You may choose to try a vaginal lubricant or moisturizing cream or jelly to help with the vaginal dryness. “Oh My,” “Replens,” “K-Y jelly,” and “Astroglide” are examples of this type of product. You can use these several times a day to relieve symptoms and in particular before intercourse to make you are more comfortable. Petroleum jellies such as Vaseline are not recommended for this purpose.
Radiation to the pelvic area can also cause changes to your vaginal tissues. You may find that you are more tender in the genital area, or that your vagina is more tight or dry than usual. In addition to vaginal moisturizers, your radiation oncologist or nurse may recommend a vaginal dilator. These dilators are inserted into the vagina for a few minutes each day to help prevent the tissues from tightening up too much.
Graft versus host disease following allogeneic stem cell transplant can also affect the vaginal tissues. In addition to the effects that the high-dose chemotherapy can have on the function of your ovaries, stem cell transplant can have a big impact on your sex life. Treatment of the graft versus host disease using steroids or immune suppressing drugs may help to resolve the symptoms. Your healthcare provider may recommend the use of vaginal dilators at this time as well.
Decreased immunity is a side effect of leukemia or lymphoma as well as treatment for those illnesses. Infection prevention is extremely important at this time. During sexual intimacy, ensure that germs from your anal area do not come into contact with your vagina or urethra through touching or contamination of sex toys. This in addition to emptying your bladder after sex can help reduce the risk of developing a urinary tract infection.
You may be at higher risk of contracting sexually transmitted infections when your immune system is low. Be sure to use a barrier such as a condom for all sexual activity involving a partner. Genital herpes and genital wart infections can flare up when your immunity is decreased.
A low immune system with the addition of antibiotics and steroids that you might receive as part of your therapy creates a prime breeding ground for vaginal yeast infections. Wearing breathable cotton underwear and loose bottoms can help reduce the risk.
When you feel ready to resume sexual activity with your partner, set aside some quiet relaxation time and go at your own pace. If something does not feel good (or does!) let your partner know and explore together. You may decide to begin with some light touching, and avoid intercourse. The important thing is to not rush or allow each other to become frustrated.

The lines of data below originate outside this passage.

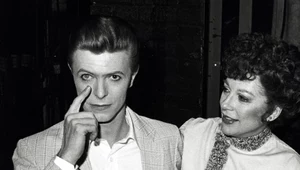 David Bowie u boku przyjaciółki w 1980 roku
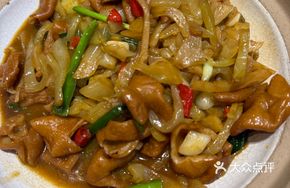 Eastern Pickled Cabbage with Large Intestine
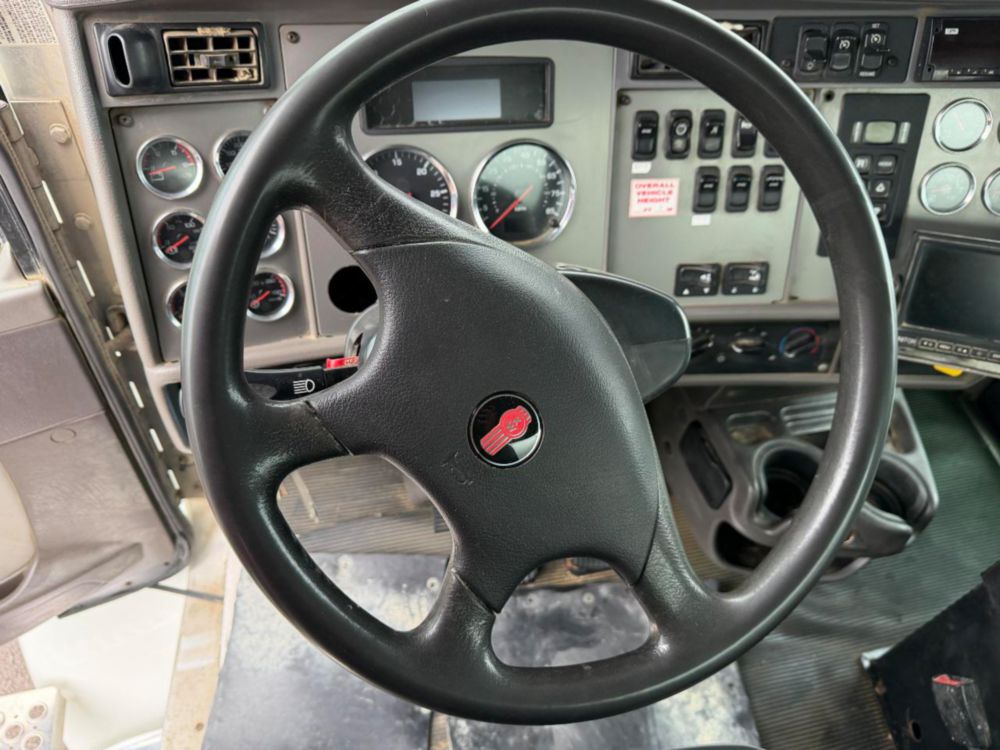 2020 Kenworth T370 4x2 Lube Truck
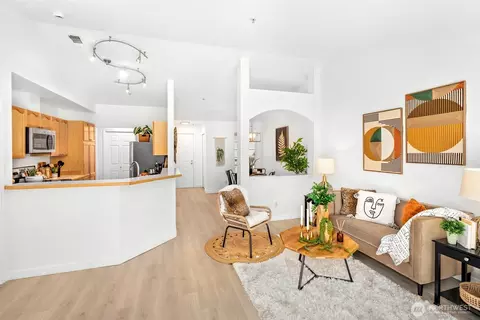 Living - 17107 123rd Pl NE #V302, Bothell, WA 98011 photo 3 of 3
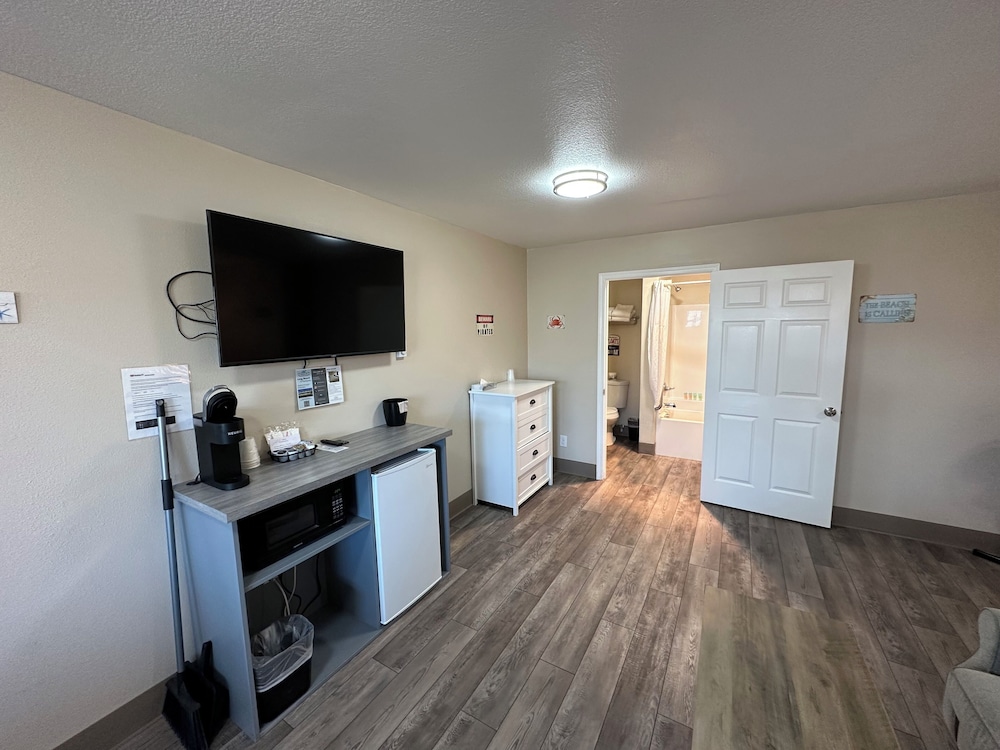 The Coastal Inn and Suites - photo 62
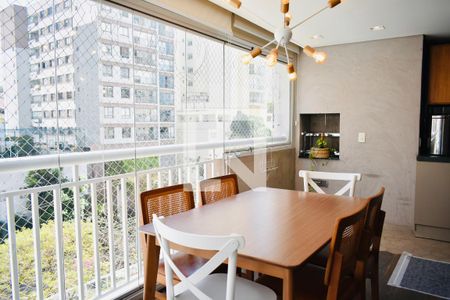 Sacada de apartamento à venda com 2 quartos, 69m² em Chácara Inglesa, São Paulo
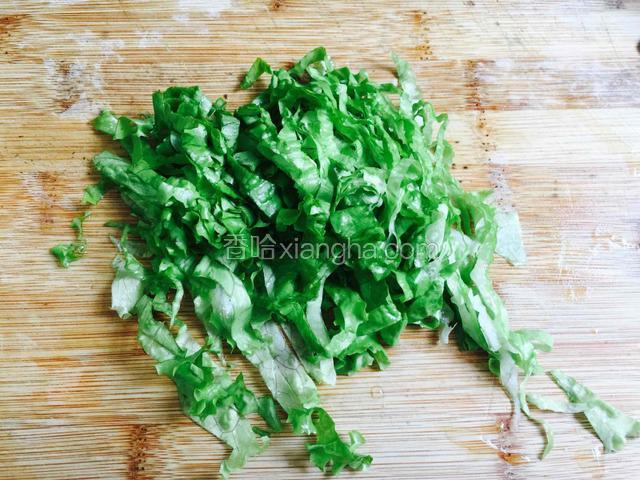 生菜洗干净切成丝。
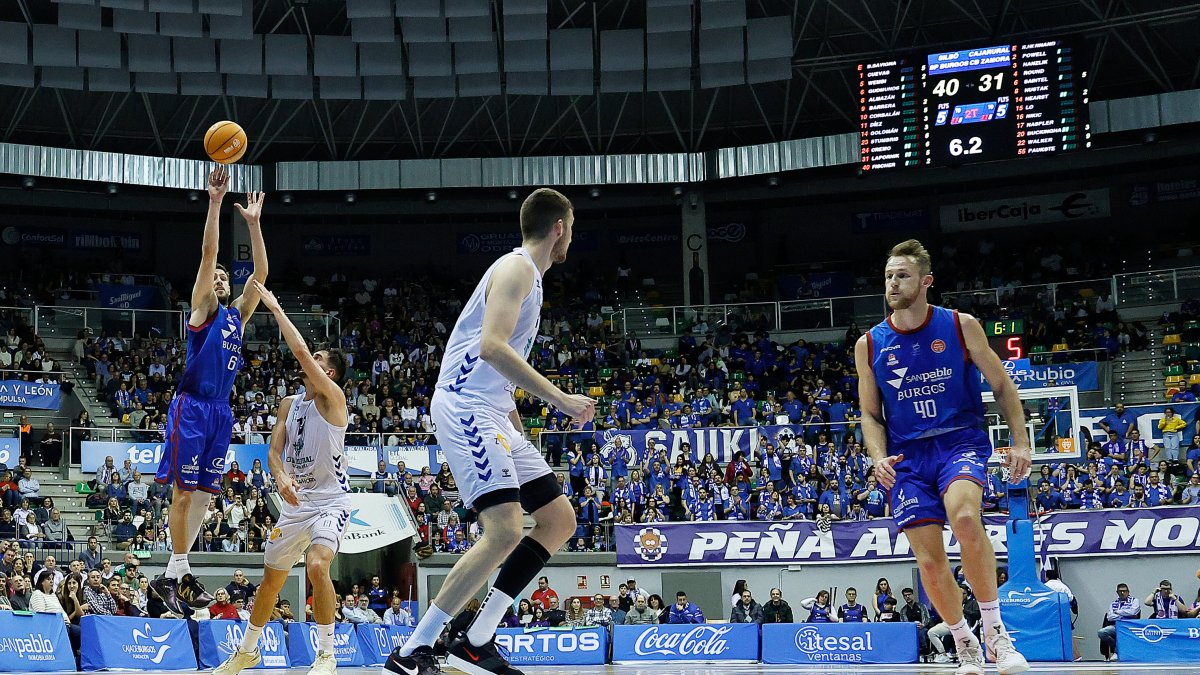 Imagen del partido del Silbö San Pablo Burgos con el Zamora.
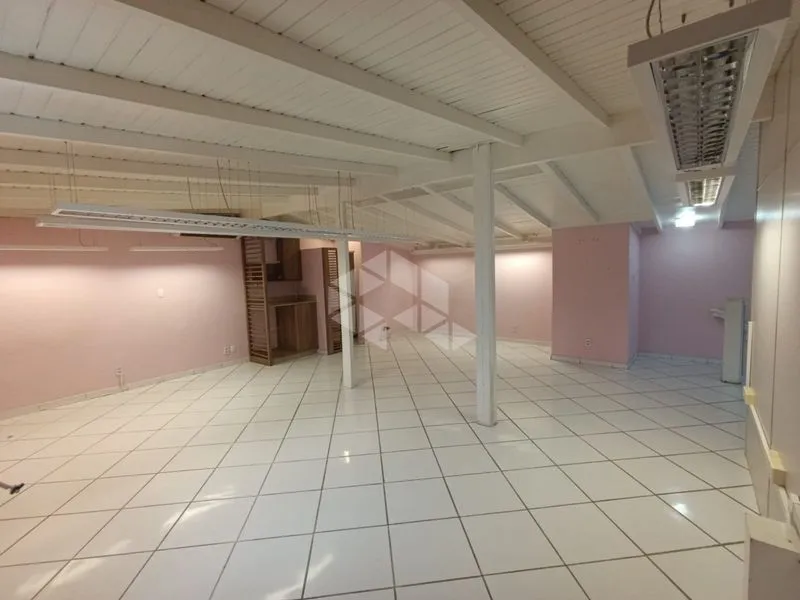 80 m² studio with balcony and air conditioning — photo 9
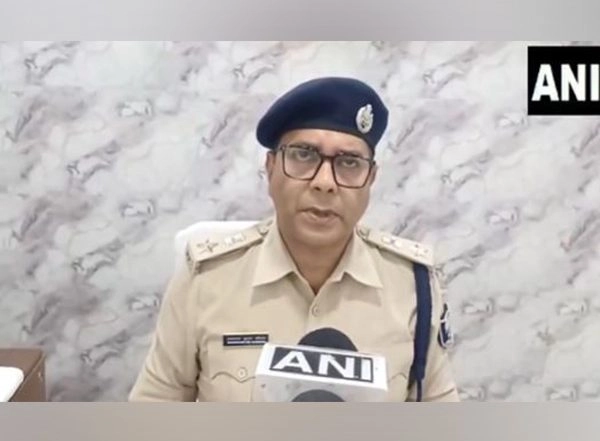 India News | Bihar: Gaya City SP Orders Probe After Motorbike Rider Killed in Collision with Police Car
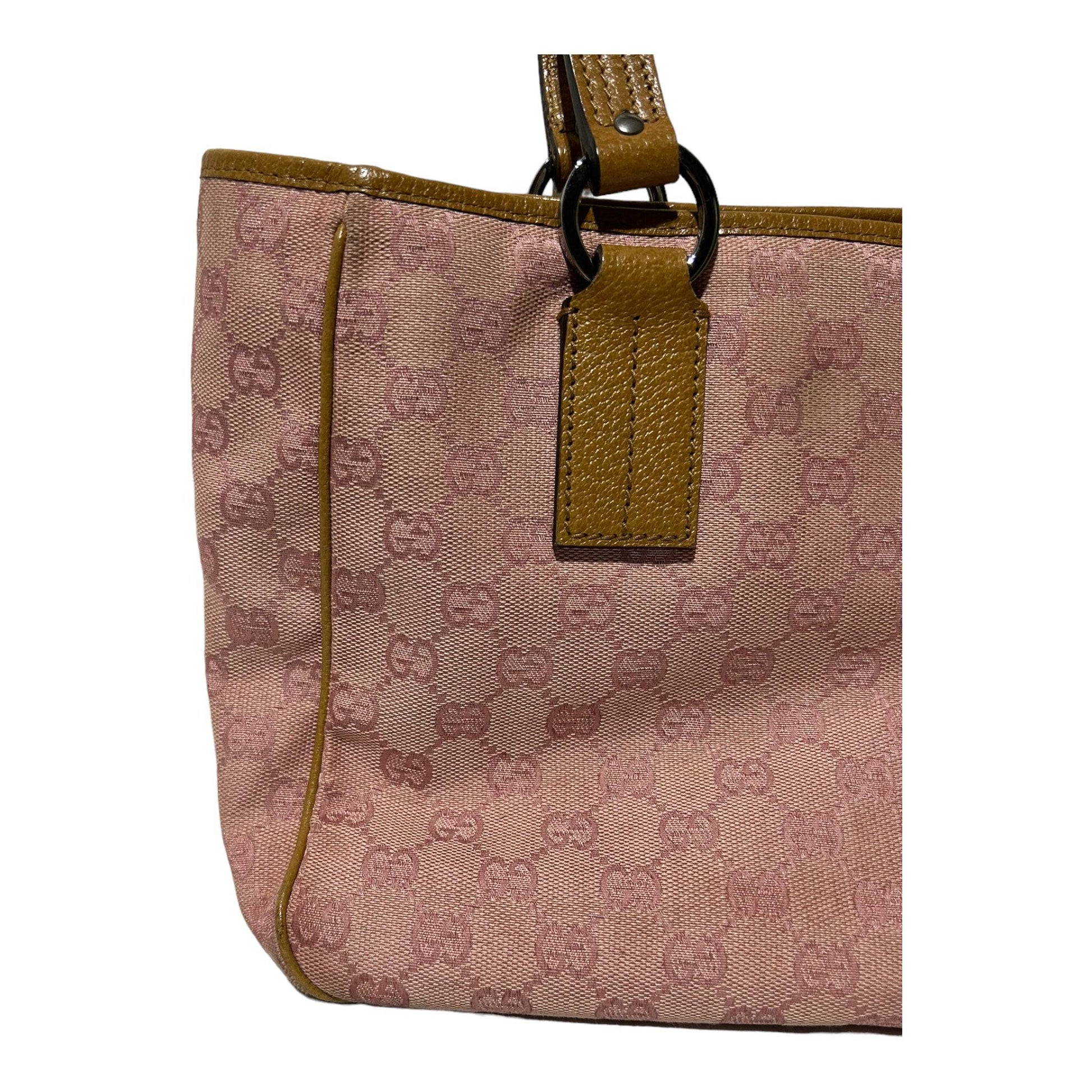 Gucci Vintage Cloth Handbag - Recurring.Life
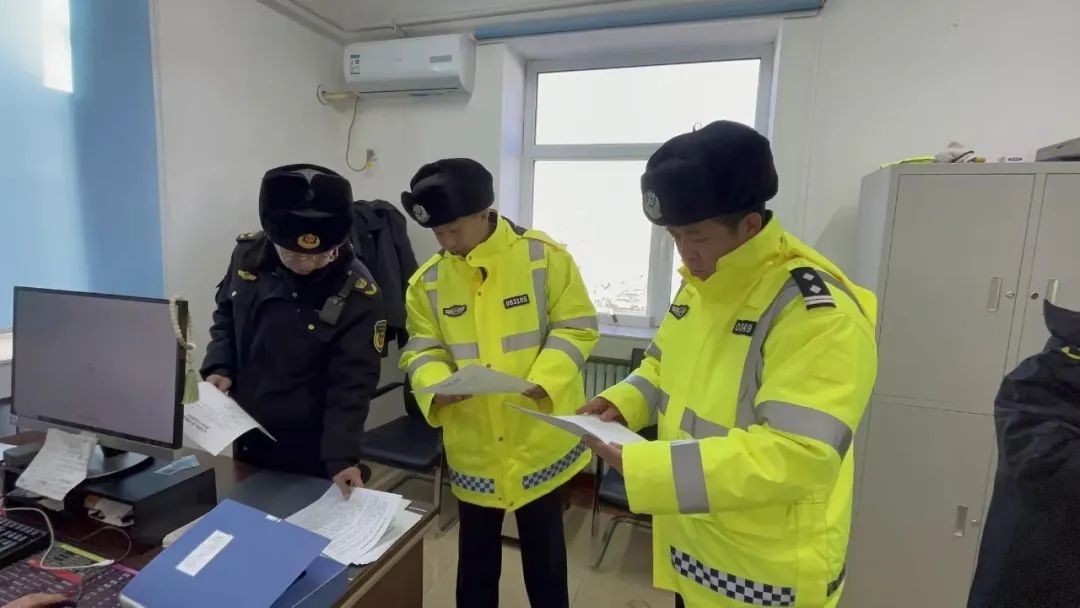春节期间让胡路交警大队行动保障出行安全，你知道都做了啥?!  第4张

While it is not unusual for women to have changes to their sex life and sexuality while undergoing treatment for a cancer diagnosis, many feel uncomfortable talking about it with their healthcare provider, let alone their partner. There may be physical changes that are getting in the way, or even emotional roadblocks. At this time, when your relationship may already be strained as a result of your new stressors, it is important to communicate with your partner about how you are feeling about sex. Open up the topic for discussion and you may be surprised to hear that they may share many of the same anxieties that you have, or you may realize that you had nothing to worry about after all.
Katz, A. (2009). Woman Cancer Sex. Oncology Nursing Society: Pittsburgh, PA.
Katz, A. (2007). Breaking the Silence on Cancer and Sexuality: A Handbook for Health Care Professionals. Oncology Nursing Society: Pittsburgh, PA.